Display advertising vs other channels
Each advertising format comes with its own advantages and disadvantages. Here is a side by side comparison of different ad channels to help you choose the best strategy for your goals:
| Channel | Strengths | Limitations |
| Display Ads | Visual, scalable, great for awareness + remarketing | Lower direct conversion rates |
| Search Ads | High intent, strong conversions | More expensive, limited reach |
| Social Ads | Highly targeted, great creative formats | Smaller network than GDN |
| Video Ads | High engagement, strong storytelling | Higher production cost |
| Strong retention + CRM targeting | Limited to existing lists |
Common mistakes in display advertising and how to avoid them
To ensure a successful campaign, pay attention to these common pitfalls to prevent making these mistakes:
1. Overly broad targeting
Mistake: Targeting everyone results in wasted spend and low engagement because your ads reach users who have little interest in your offering.

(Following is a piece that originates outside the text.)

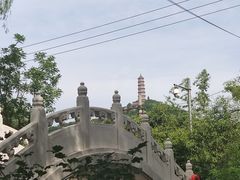 -北坞公园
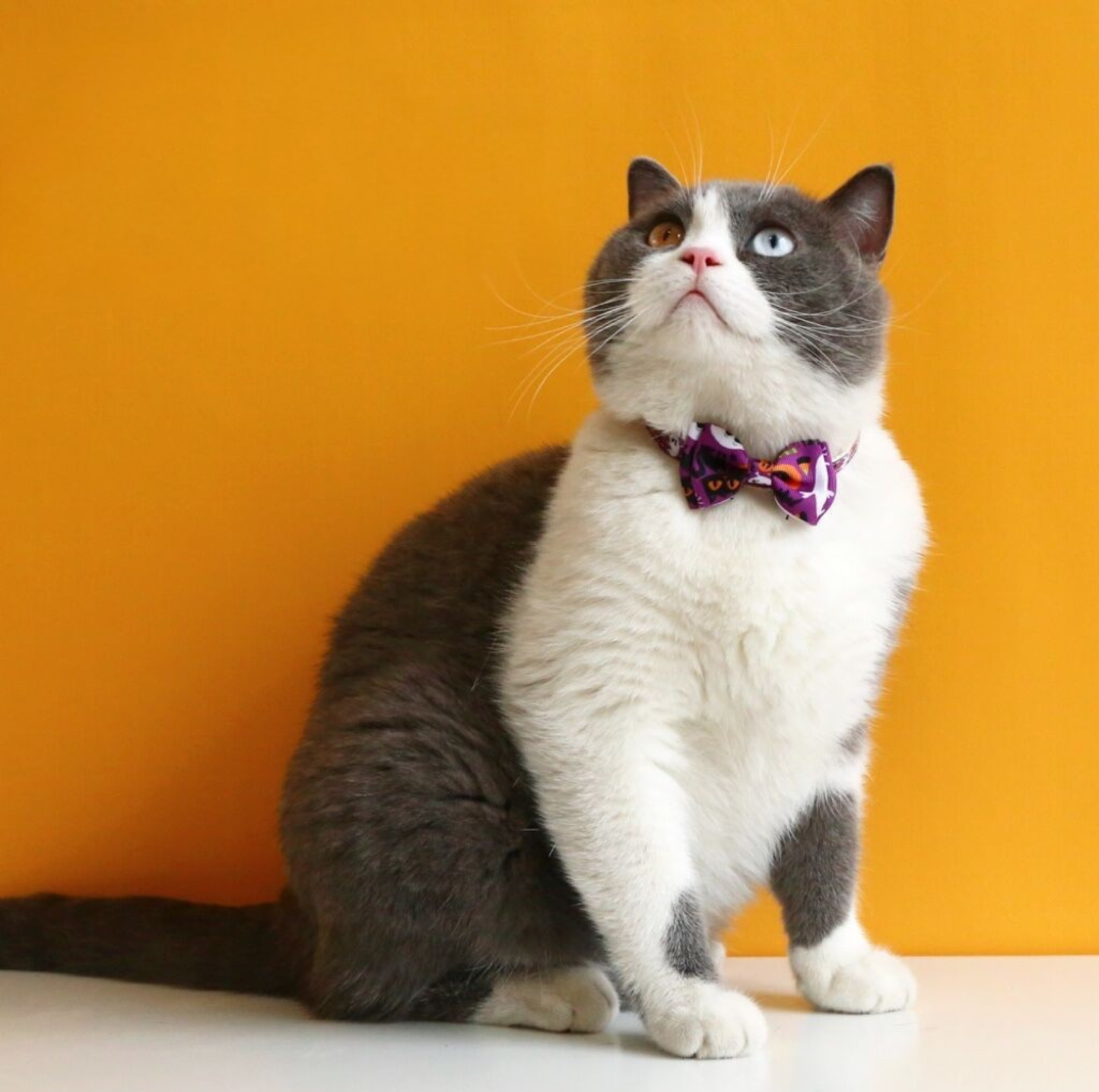 Halloween Bow Tie Cat & Dog Collar – Pumpkin Print with Bell (Adjustable Breakaway Design)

How to avoid it: Combine interest, demographic and contextual filters to narrow the audience without limiting scale too aggressively.
2. Weak or generic creative
Mistake: Ads without clear branding or compelling visuals get ignored, especially in crowded display environments.

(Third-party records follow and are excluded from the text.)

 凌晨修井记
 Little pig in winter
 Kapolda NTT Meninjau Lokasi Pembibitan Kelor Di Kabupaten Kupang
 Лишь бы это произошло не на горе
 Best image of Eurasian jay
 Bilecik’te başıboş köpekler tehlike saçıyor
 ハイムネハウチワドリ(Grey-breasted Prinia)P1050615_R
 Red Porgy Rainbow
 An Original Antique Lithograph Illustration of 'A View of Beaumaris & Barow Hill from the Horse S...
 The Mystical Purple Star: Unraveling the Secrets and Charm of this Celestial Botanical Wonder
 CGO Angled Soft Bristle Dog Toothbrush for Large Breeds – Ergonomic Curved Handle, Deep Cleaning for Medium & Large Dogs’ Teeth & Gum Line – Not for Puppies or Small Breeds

How to avoid it: Use strong imagery, concise copy and consistent brand elements, and always include a clear CTA.
3. Ignoring viewability
Mistake: Ads may technically “serve” but never appear in a viewable position, wasting impressions.
How to avoid it: Optimise for viewable CPMs and use trusted platforms that provide viewability reporting.
4. Not monitoring ad fraud or invalid traffic
Mistake: Without verification tools, you risk paying for bots, low-quality sites or fraudulent impressions.
How to avoid it: Use brand-safe placements, verified inventory and third-party tools such as IAS or DoubleVerify.
5. Driving traffic to poor landing pages
Mistake: Even strong ads fail when the landing page is slow, confusing or mismatched to the message.
How to avoid it: Align your ad and landing page messaging, improve loading times and optimise for mobile.
FAQs: display advertising
What is a good CTR for display ads?
In the UK, average CTRs range from 0.35 per cent to one per cent, depending on industry and format.
How long should a display ad campaign run?
For meaningful results, run campaigns for at least 30 to 60 days, with ongoing optimisation.
What is programmatic display advertising?
Programmatic uses automated technology to buy ad placements in real time, improving efficiency and targeting accuracy.
Are display ads still effective without cookies?
Yes, contextual targeting, first-party data and AI-driven modelling keep performance strong without cookies.
What is a typical display advertising budget?
Small businesses may start from £1,000–£3,000 per month, while enterprise brands often spend £10k+ depending on reach and goals.